When confronted with our sin, we as Christians are often not quick to repent. They deserved it, we might think when someone tells us that we have sinned against them. Or we might justify our behavior in other ways, saying that our circumstances ought to excuse us of sin. We might even double down on our sin, reveling in it and compounding our offense rather than apologizing and seeking forgiveness.
In short, we are too often not gentle. We are hardened in our hearts. It takes effort to have a soft heart and to respond gently when someone confronts us, offends us, or criticizes us, and we cannot do it in our own power. The good news is that the gospel provides a solution for our sin-sick hearts.
Jesus invites His followers to experience the ultimate paradox in Matthew 11:30: an easy yoke and a light burden. It’s an invitation most of us would decline, if we didn’t know who was inviting us. But we find ourselves strangely drawn to the One who tells us about the burden and the yoke of following Him. We know it won’t be easy, but we can’t walk away either. Why?

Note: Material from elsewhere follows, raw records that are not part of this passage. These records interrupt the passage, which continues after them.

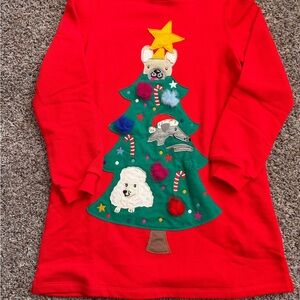 Girls' Red Holiday Tree Appliqué Long Sleeve sweatshirt dress
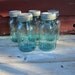 Instant Collection of 5 Quart Vintage Blue Ball Pefect Mason Jars Aqua Glass with Zinc Metal Lids
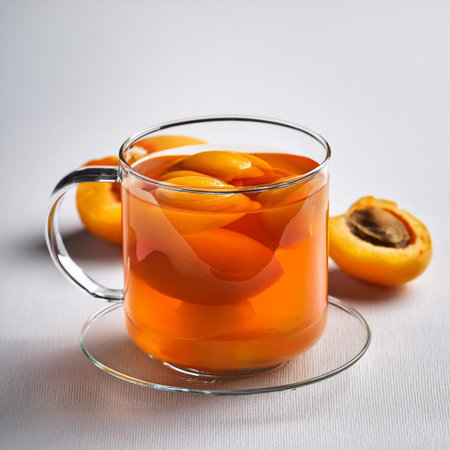 Cup of hot tea with apricots on a white backgroundの素材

I think the answer lies in verse 29. Jesus describes Himself as “gentle and lowly in heart.” Remember that He has just told us that He is the all-powerful, sovereign Ruler of the universe (v. 27). How can omnipotence also be gentle and lowly in heart? Because Jesus is God in the flesh. He is gentleness personified. His gentleness grips us.
Here’s an overwhelming thought: the second person of the Trinity is the One who has unlimited might combined with inexhaustible gentleness for sinners like you and me. Nowhere else will we ever meet anyone like Him.
A Gentle God for Violent Sinners
This text in Matthew reminds us that we need a gentle God, for we are violent sinners. We cut people with our words. We destroy with our actions. We have cold hearts, distorted minds, clenched fists, and feet that run swiftly to sin. What hope is there for such wrecks?
Jesus tells us that there is, in fact, hope for ruinous creatures like us. It is found only in Him. It is only found as we come to Him and meet Him as He truly is—not our or the culture’s caricature of Him, not what we want Him to be, but, in all of His paradoxical majesty and lowliness, Him.
What do we find when we come to Him? Someone we never expected. The King of the universe who is gentle with those who are violent like us. We meet God in the flesh, the God who knows where we hurt, how to fix it, and the only way to bring us where He wants us to be.
It gets better. He commits Himself at the cost of His own life to take us there. So, when you feel the weight of your own disaster, release your burden to Jesus, the One who carries you gently home.